■ **Assignment**: Nothing but the lines from the one containing "Round Neck Bear Short Sleeve Suit" through the end of the data below should appear in the answer, each exact and free of pictures.

■ **Exercise data**:
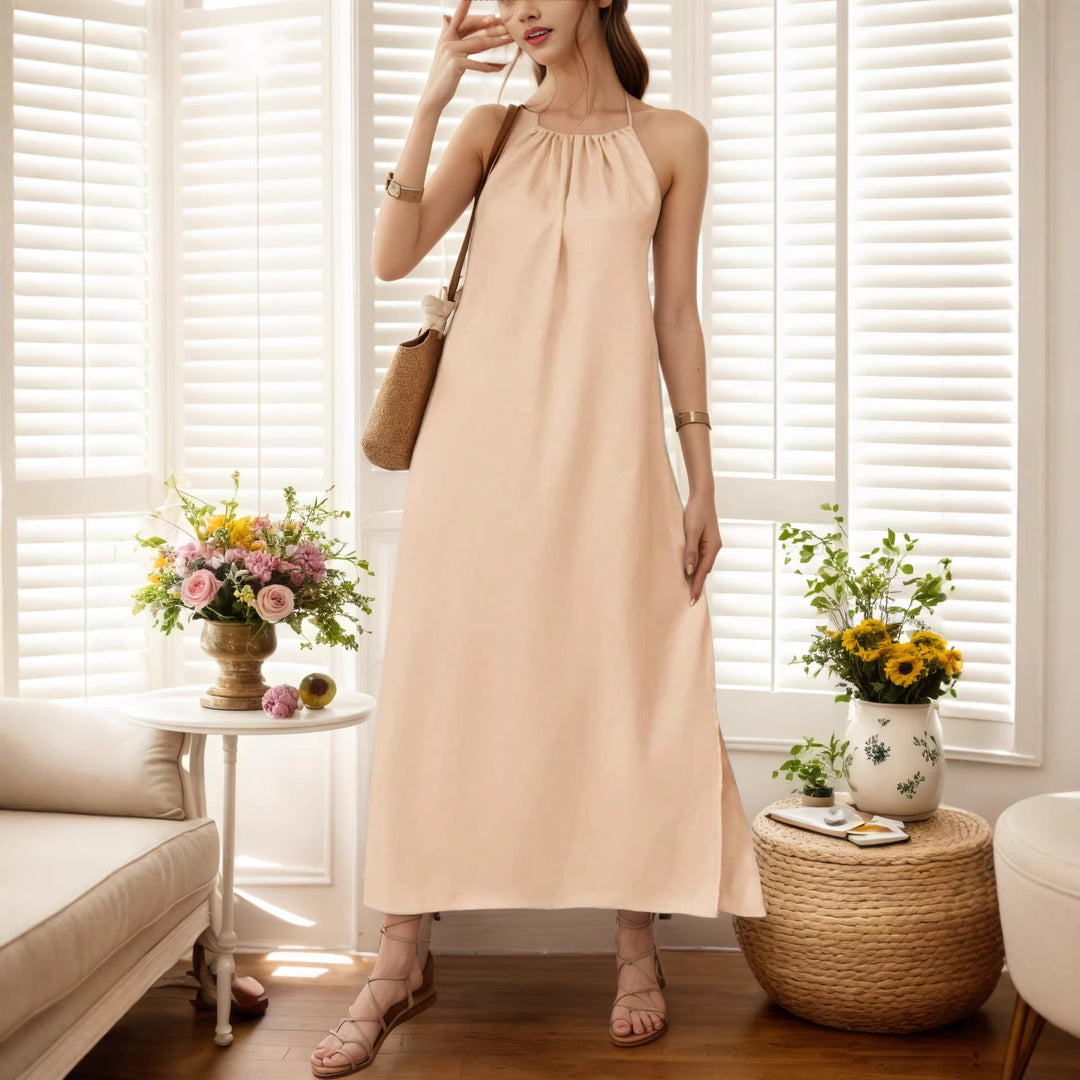 Damen Maxi-Kleid mit elegantem Halterbügel Drune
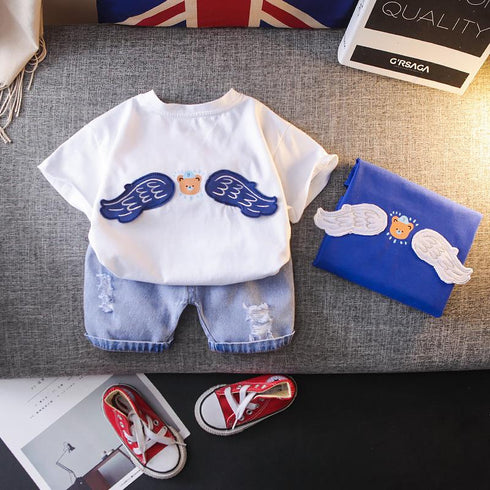 Round Neck Bear Short Sleeve Suit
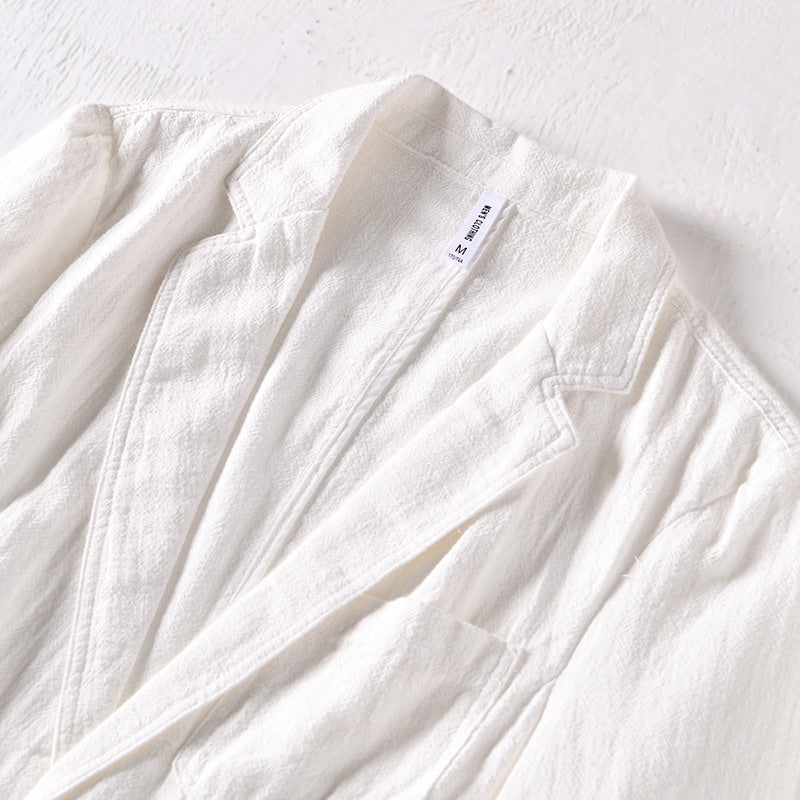 Ramie Retro Solid Color Casual Jacket
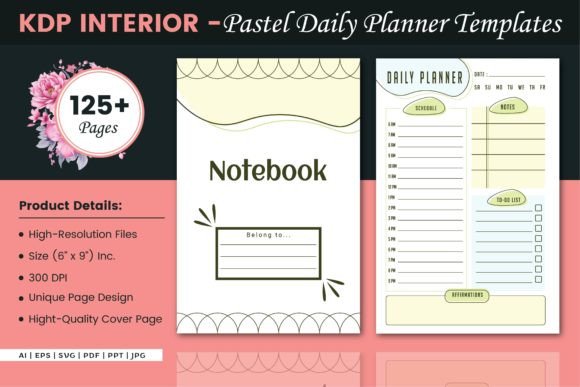 Pastel Daily Planner Graphics for KDP Interiors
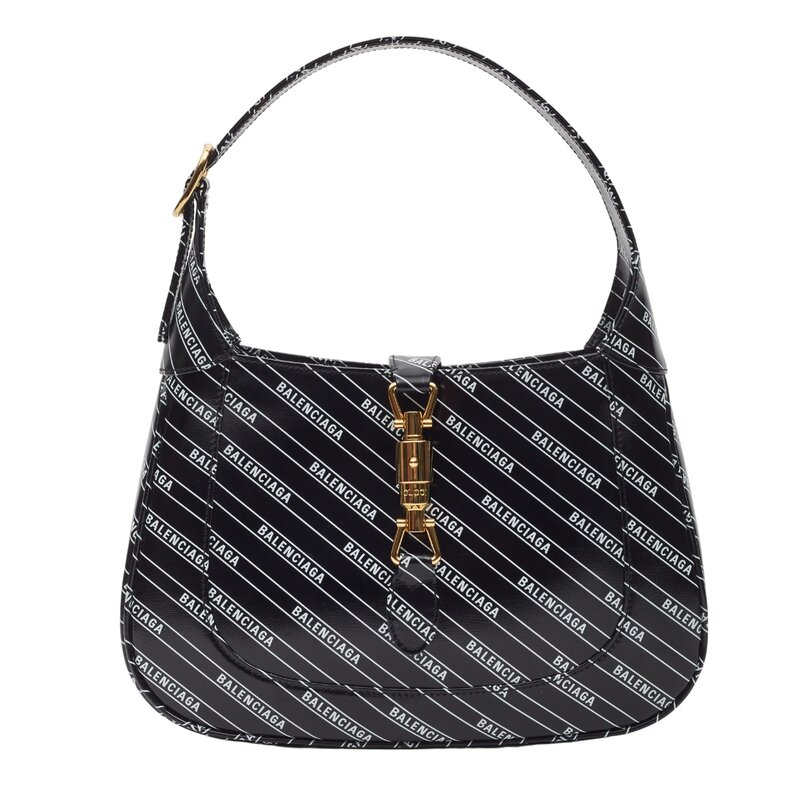 GUCCI X BALENCIAGA GUCCI X BALENCIAGA HACKER PROJECT BLACK LEATHER JACKIE SHOULDER BAG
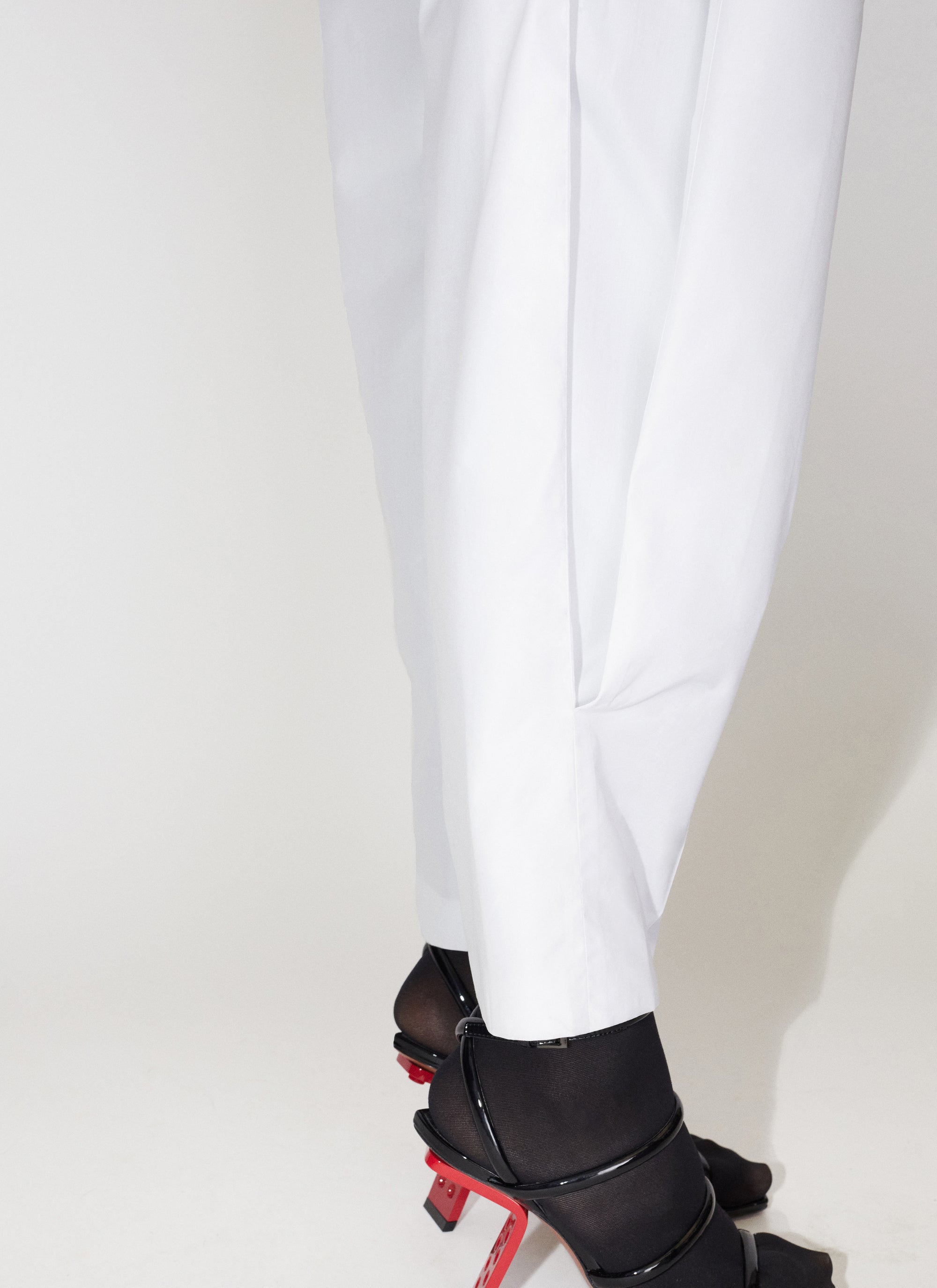 Cotton poplin cropped shirt - White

■ **Response to the task**:
 Round Neck Bear Short Sleeve Suit
 Ramie Retro Solid Color Casual Jacket
 Pastel Daily Planner Graphics for KDP Interiors
 GUCCI X BALENCIAGA GUCCI X BALENCIAGA HACKER PROJECT BLACK LEATHER JACKIE SHOULDER BAG
 Cotton poplin cropped shirt - White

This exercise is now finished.